> [Task item]: Once you find the line with "Building Photo - 2555 Collins Ave" in the listing below, set down exactly every line from it through the line with "Used 2020 Dodge", but no pictures.

> [Exercise data]:
* * * * * * *
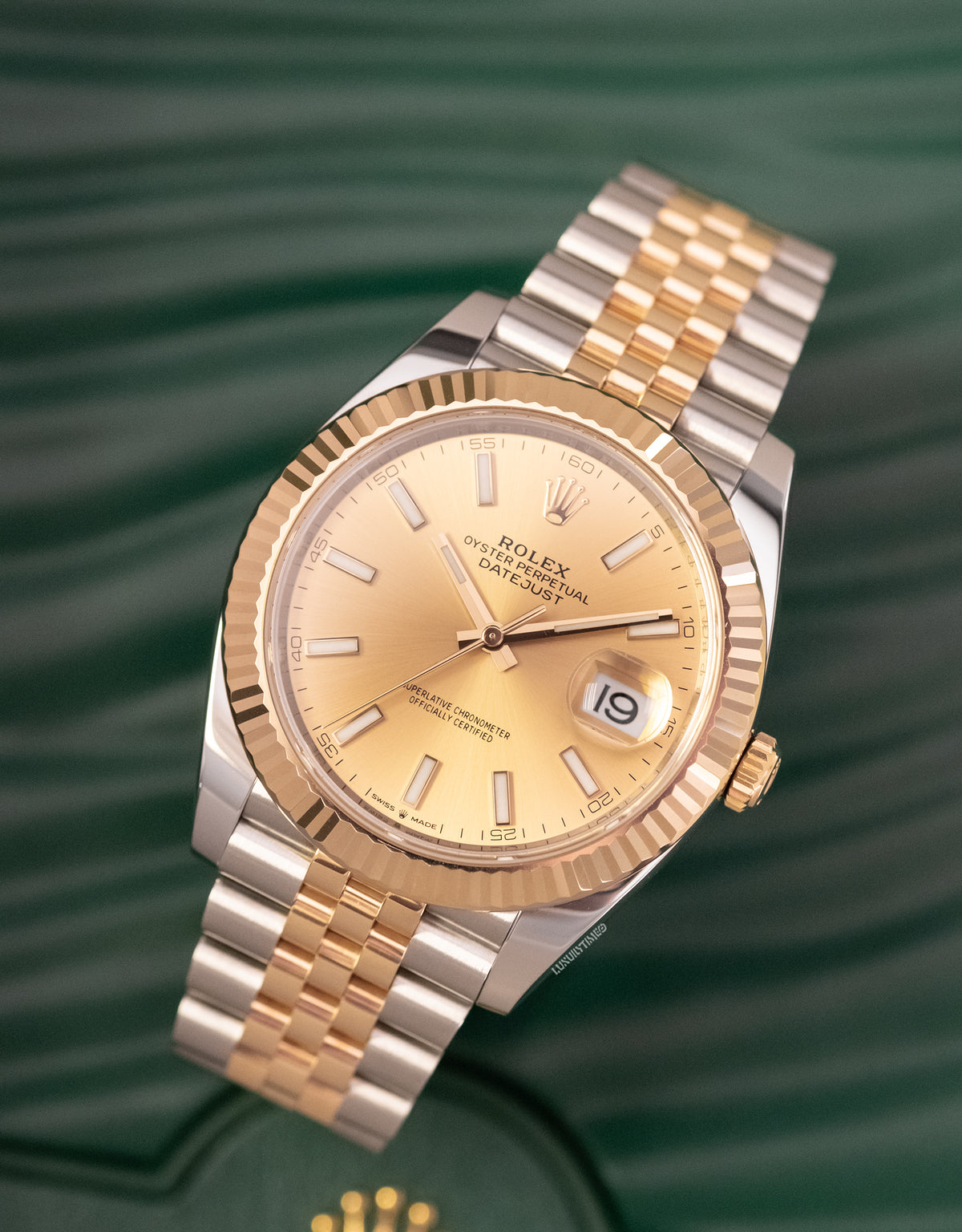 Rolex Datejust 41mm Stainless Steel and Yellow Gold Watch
* * * * * * *
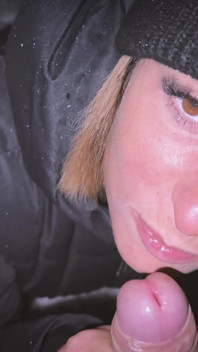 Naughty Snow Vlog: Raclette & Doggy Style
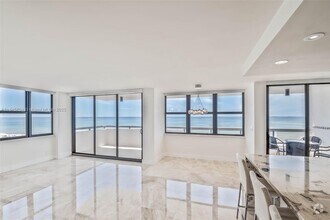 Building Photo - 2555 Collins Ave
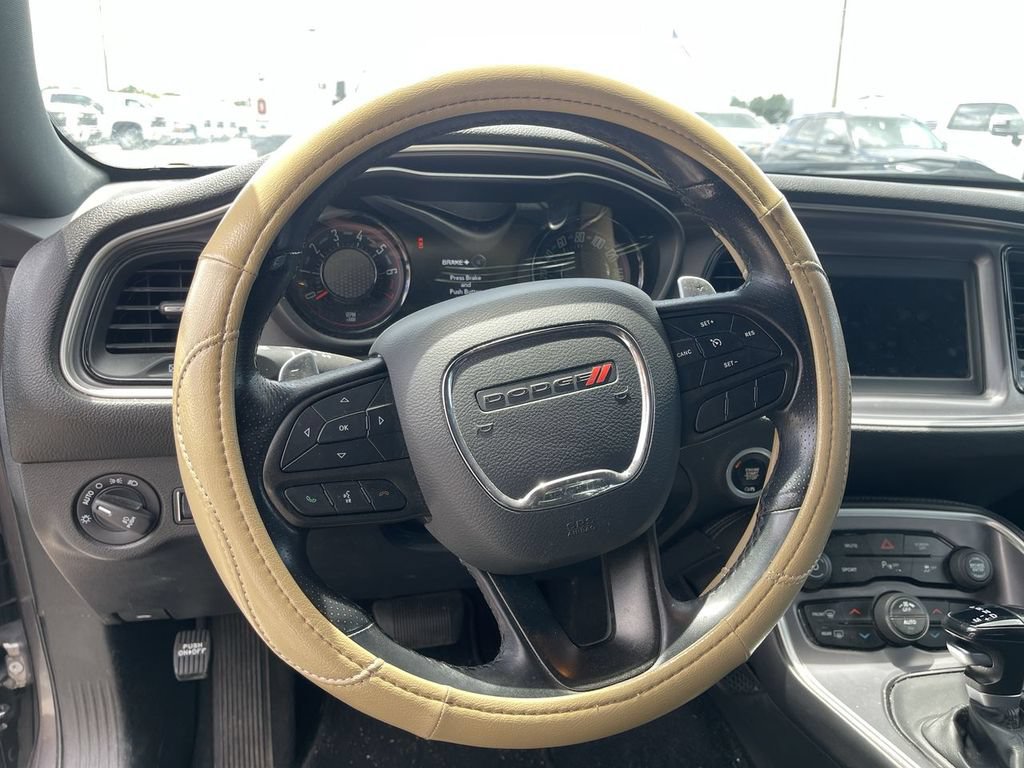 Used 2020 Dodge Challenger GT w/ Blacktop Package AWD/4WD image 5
* * * * * * *
> [Answer to the exercise]:
 Building Photo - 2555 Collins Ave
 Used 2020 Dodge Challenger GT w/ Blacktop Package AWD/4WD image 5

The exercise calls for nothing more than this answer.